HONOLULU (HawaiiNewsNow) - Gov. David Ige signed two bills on Monday aimed at reducing opioid drug abuse in the islands.
The first law, House Bill 1602, requires that any drug containing an opiate, dispensed by a healthcare professional or pharmacist, must have a label warning risks of addiction and death.
Back in March, officials from both the Board of Pharmacy and the Department of Public Safety requested that the bill be implemented with a smaller label.
Lee Ann Teshima, executive officer for the Hawaii State Board of Pharmacy requested that the legislature consider a label that states: "Caution: Opioid.
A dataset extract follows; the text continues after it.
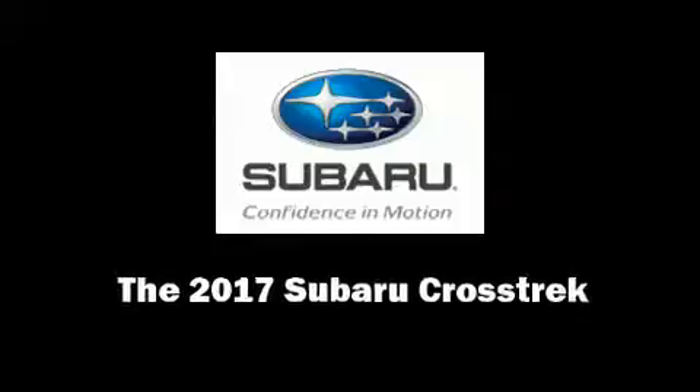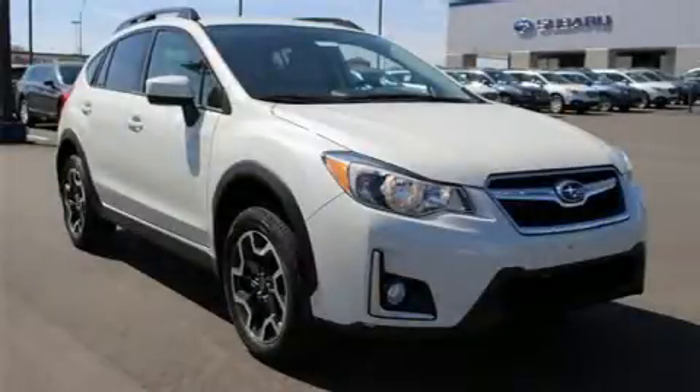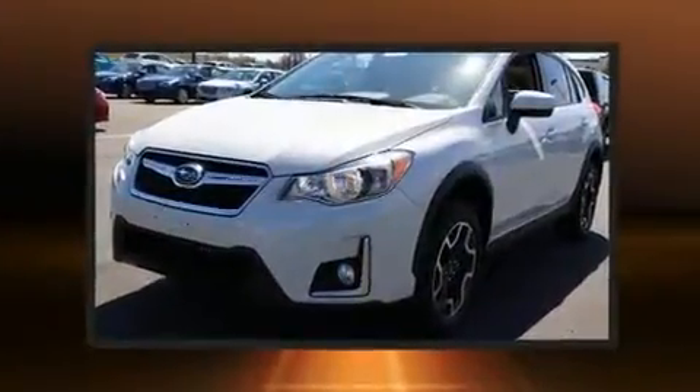Familiarize yourself with the 2017 Subaru XV Crosstrek. It features a standard transmission, all-wheel drive, and a 2.0-liter 4-cylinder engine.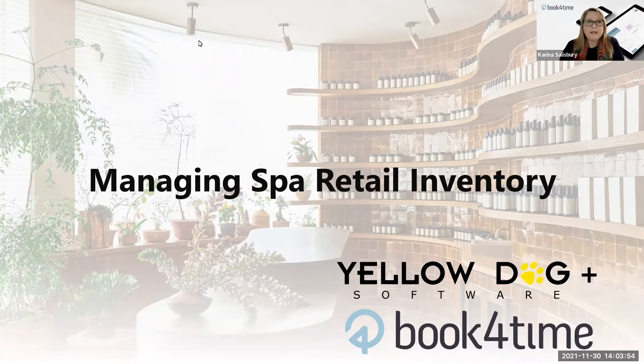Hello everyone, good afternoon, good evening, or good morning to you, wherever you may be in the world. My name is Karina Salisbury. I am the Director of Channel Partnerships here at Book for Time. Today I wanted to thank you for joining the Book for Time Partner Integration Series, where we learn from some of our amazing partners about who they are and how their software connects to Book for Time to help optimize your spa and hotel operations. Today we're highlighting the seamless integration with Yellow Dog Inventory Software, and we have Billy Sefsick from Yellow Dog, who will take you through the key features and discuss how we can drastically improve the bottom line.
Risk of overdose and addiction." The issue was that a longer label may not easily fit on most prescription bottles.
The final version of the law reflects these requests.
The second bill Ige signed relating to opioids, was Senate Bill 2247, which authorizes pharmacists to dispense, prescribe and provide related education on opioid antagonists to people at risk of opioid overdose without the need for a written agreement, subject to certain conditions.
An opioid antagonist is a drug that blocks opioids by attaching to opioid receptors without activating them, according to The National Alliance of Advocates
for Buprenorphine Treatment.
From 2010 through 2014, prescription drugs, illicit drugs, and over-the-counter medications, were the underlying cause of death for 91 percent of all poisoning deaths, according to the Hawaii State Department of Health.